La República se enfrentaba a una situación cada vez más difícil, con Cataluña aislada del restante territorio, un bloqueo naval casi impenetrable, la frontera francesa cerrada. Su industria de guerra se revelaba como insuficiente para cubrir las necesidades de la batalla y estaban agotadas sus reservas humanas. Durante este mes, las deserciones, a pesar del rigor y disciplina impuestos, aumentaron constantemente porque los soldados estaban hartos de sufrir, mientras la derrota se presentaba inevitable.
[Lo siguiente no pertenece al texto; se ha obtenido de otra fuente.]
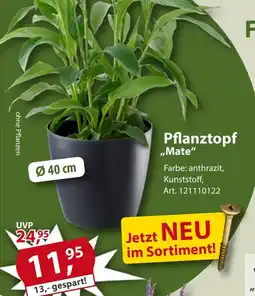 Sonderpreis Baumarkt Pflanztopf ,,Mate" Angebot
Los únicos hombres disponibles para reforzar el frente del Ebro eran desertores capturados y hombres mayores de treinta años. El desesperado mando republicano llegó a estudiar la incorporación de los prisioneros de guerra que tenía en su poder. Franco lo había hecho sistemáticamente, pero la coherencia de su ejército y la seguridad de la victoria permitían integrarlos.
La situación material también era lamentable. La alimentación, pobre y escasa; la higiene, deficiente. Faltaba calzado, ropa y tabaco. Muchos soldados llevaban como única protección de sus pies unos envoltorios hechos con tela de sacos viejos. Tales penurias no se conocían en la zona nacional, donde las condiciones de vida de la tropa eran mucho mejores. Las grandes zonas agrícolas estaban en sus manos, los suministros alemanes e italianos llegaban libre y abundantemente a sus puertos y contaban con grandes reservas demográficas, aunque se procuraba no forzar la movilización.